Compliance references — where they apply — sit on the section headings; per-item NIS2 and ISO 27001 mappings are not padded.

What Ollama actually is, and where the attack surface lives

Ollama is a wrapper around llama.cpp (and a small number of other inference backends). It exposes:

  • A CLI (ollama run, ollama pull, ollama list)
  • An HTTP API on TCP 11434
  • A local model store at /usr/share/ollama/.ollama/models
  • A pull-from-registry workflow (default: registry.ollama.ai)

The official installer creates a system user ollama:ollama, drops the binary at /usr/bin/ollama, and writes a minimal systemd unit at /etc/systemd/system/ollama.service. The default posture is single-user, single-host, localhost only — fine for a laptop, not defensible for anything else.

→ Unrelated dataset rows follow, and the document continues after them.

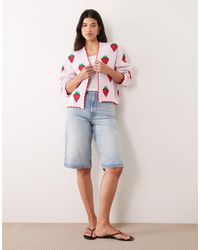 open lace back dress Hoodie Dress: Thrilling Playboy Women's Repeat Print Design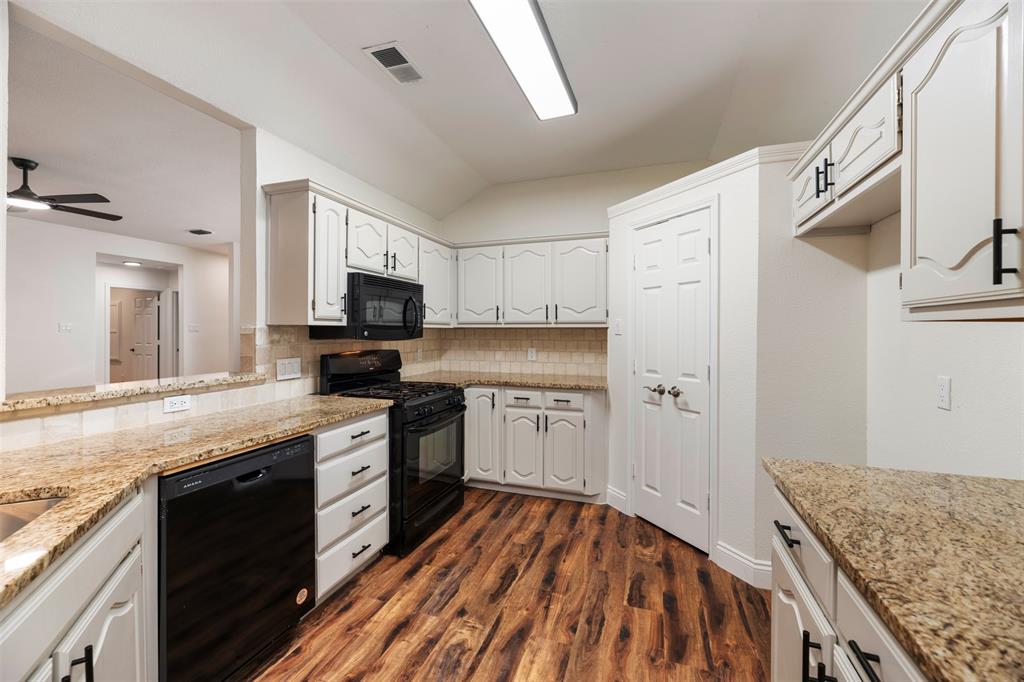215 Barbara Way Red Oak, TX 75154 - Photo 10 of 36 Functional kitchen with generous cabinet, counter space and pantry offer the chef of the house a practical layout for cooking, storage, and future personalization.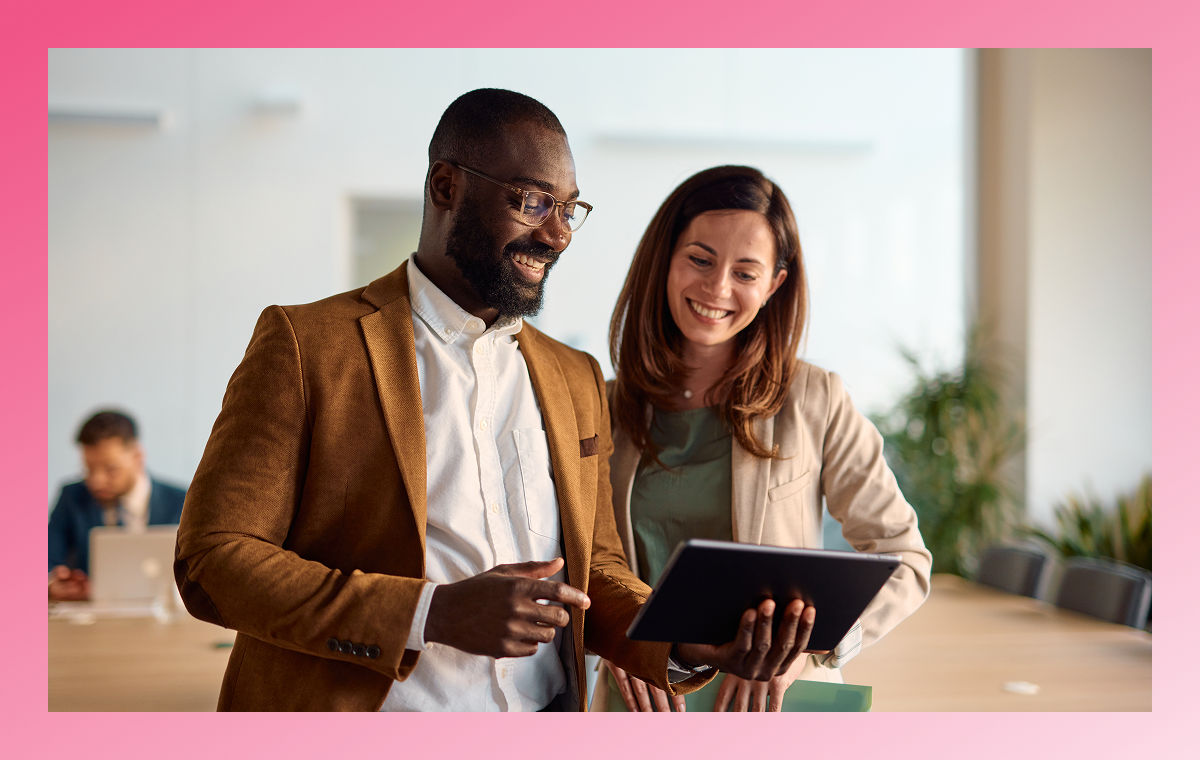 two people working on tablet in office setting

The surfaces worth hardening, in order of blast radius:

  1. Network bind. The OLLAMA_HOST environment variable decides what the HTTP API listens on. Misconfigured, this is the entire game — an unauthenticated /api/generate, /api/pull, /api/delete exposed to the public internet.
  2. Reverse-proxy posture. Even on the right interface, the API has no built-in authentication. Anything reaching port 11434 can pull models, run inference, and delete the model store. Auth lives at the proxy.
  3. systemd unit. The default unit has none of the sandboxing flags systemd provides — process namespaces, kernel protection, capability bounding, syscall filtering. All free, all needed.
  4. GPU access. The ollama user is added to render and video so it can talk to /dev/nvidia*. Anyone else with the same group membership inherits the same access.
  5. Model storage. Models are large, slow to re-pull, and represent operational investment. The default permissions are loose.
  6. Update mechanism. The official install script downloads and runs an unpinned binary. Fine for a homelab; not for production change management.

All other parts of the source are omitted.